WHY GOD CREATED CHILDREN (AND IN THE PROCESS, GRANDCHILDREN)

_To those of us who have children in our lives, whether they are our own, grandchildren, nieces, nephews, or students...here is something to make you chuckle.

Whenever your children are out of control, you can take comfort from the thought that even God's omnipotence did not extend to His own children_.

After creating heaven and earth, God created Adam and Eve.

And the first thing he said was "DON'T!"

"Don't what? " Adam replied.

"Don't eat the forbidden fruit." God said.

"Forbidden fruit? We have forbidden fruit? Hey Eve..we have forbidden fruit! "

"No Way! "

"Yes way! "

"Do NOT eat the fruit! " said God.

"Why?"

"Because I am your Father and I said so! " God replied, wondering why He hadn't stopped creation after making the elephants.

A few minutes later, God saw His children having an apple break and He was ticked!

"Didn't I tell you not to eat the fruit? " God asked.

"Uh huh," Adam replied.

"Then why did you? " said the Father.

"I don't know," said Eve.

"She started it! " Adam said.

"Did not! "

"Did too! "

"DID NOT! "

Having had it with the two of them, God's punishment was that Adam and Eve
should have children of their own.

Thus the pattern was set and it has never changed.
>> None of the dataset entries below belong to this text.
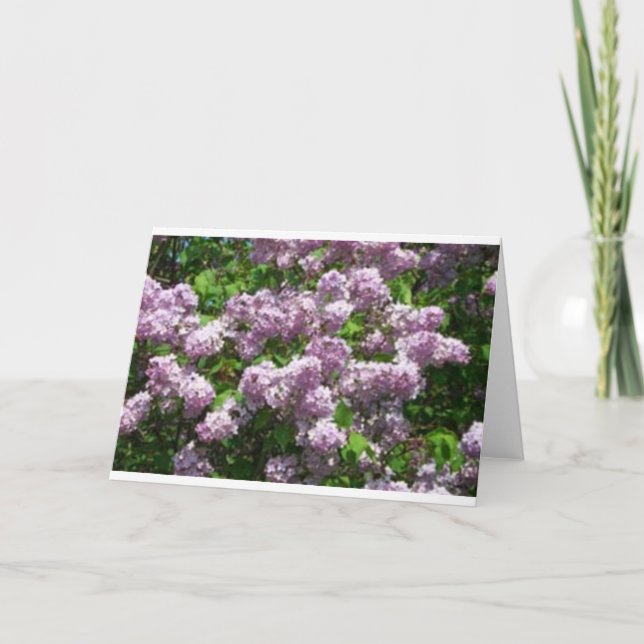 Lilacs Thank You Card (Front)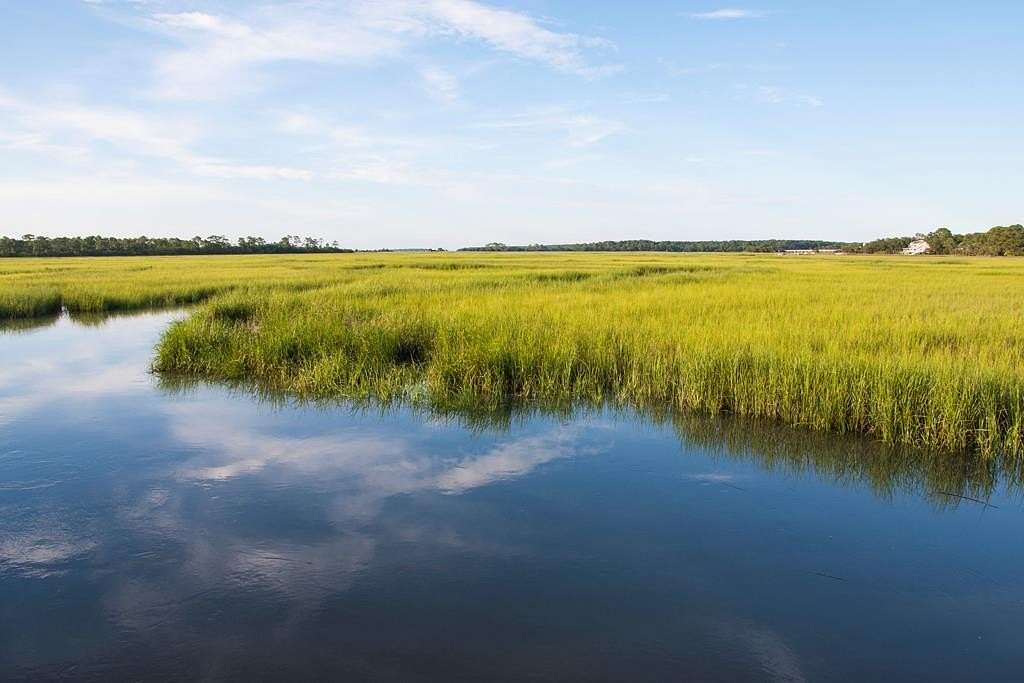20 Acres of Land for Sale in Parksley, Virginia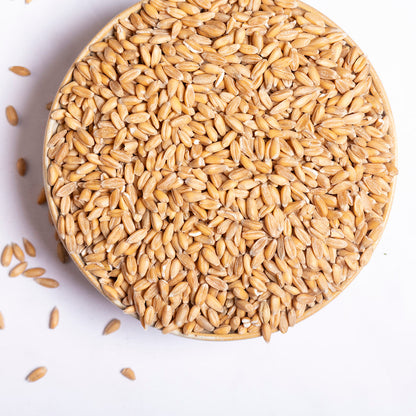 Organic Spelt Grain - Serious Grains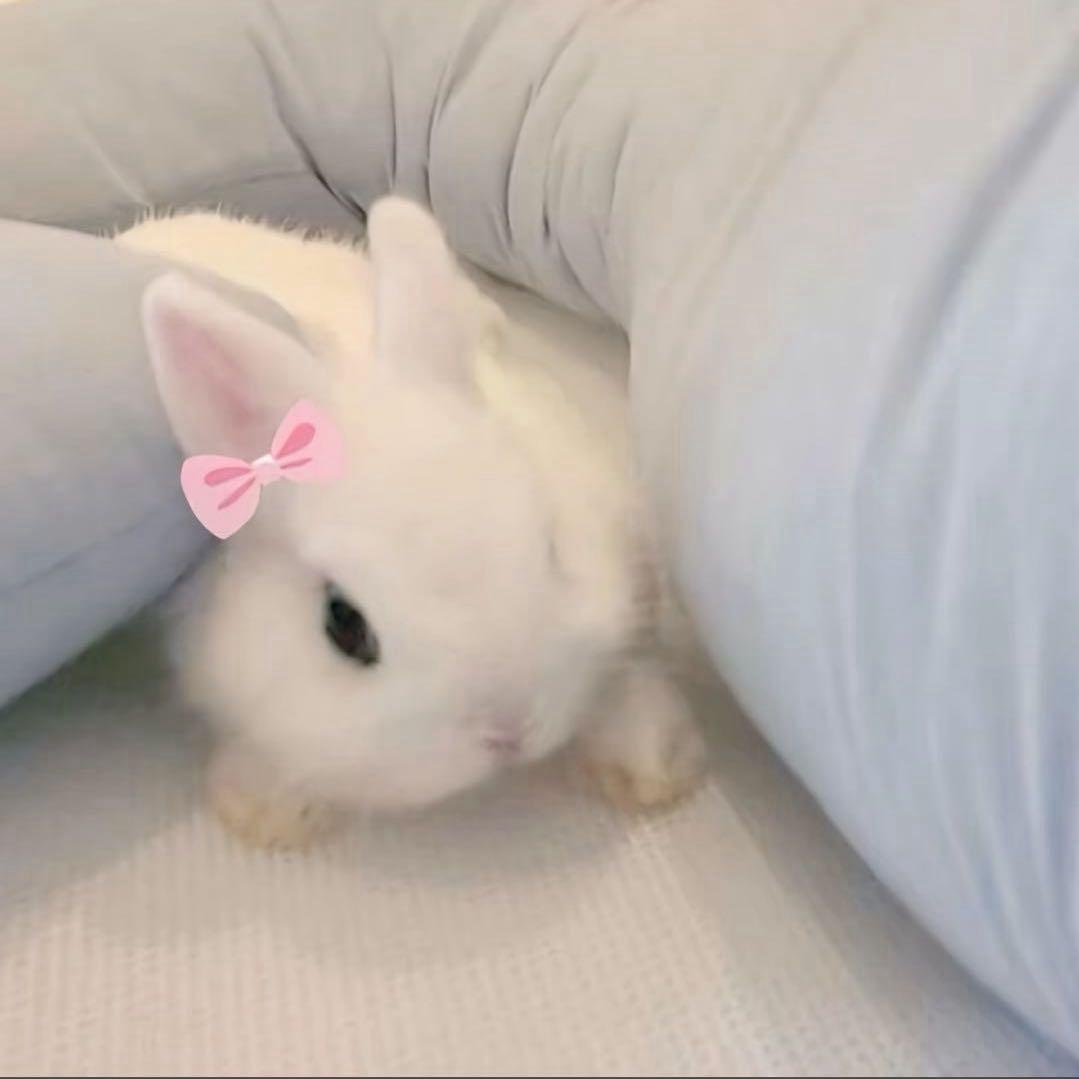 我一直在哭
BUT THERE IS REASSURANCE IN THE STORY !

If you have persistently and lovingly tried to give children wisdom and they haven't taken it, don't be hard on yourself.

If God had trouble raising children, what makes you think it would be a piece of cake for you?

THINGS TO THINK ABOUT!

1. You spend the first two years of their life teaching them to walk and talk. Then you spend the next sixteen telling them to sit down and shut up.

2. Grandchildren are God's reward for not killing your own children.

3. Mothers of teens now know why some animals eat their young.

4. Children seldom misquote you. In fact, they usually repeat word for word
what you shouldn't have said.

5. The main purpose of holding children's parties is to remind yourself that there are children more awful than your own.

6. We childproofed our homes, but they are still getting in.

ADVICE FOR THE DAY:

Be nice to your kids. They will choose your nursing home one day.

AND FINALLY:

IF YOU HAVE A LOT OF TENSION AND YOU GET A HEADACHE, DO WHAT IT SAYS ON THE ASPIRIN BOTTLE:

"TAKE TWO ASPIRIN" AND "KEEP AWAY FROM CHILDREN"!!!!!


----------



## Maidrite (Sep 29, 2005)

Thats a Good One I am Speechless !


----------



## middie (Sep 29, 2005)

We childproofed our homes, but they are still getting in

i think that is my favorite one !


----------



## texasgirl (Sep 29, 2005)

LOVE IT!!!! Thanks for the laugh!!


----------



## pdswife (Sep 29, 2005)

LOL!  Thanks for the giggle!


----------



## kadesma (Sep 29, 2005)

That was fantastic...Thanks for making my day laugh filled..  now, do you know what YOUR kid is doing????  

kadesma


----------



## mrsmac (Sep 29, 2005)

That was brilliant!! I am cutting and pasting that, thanks for the laugh.


----------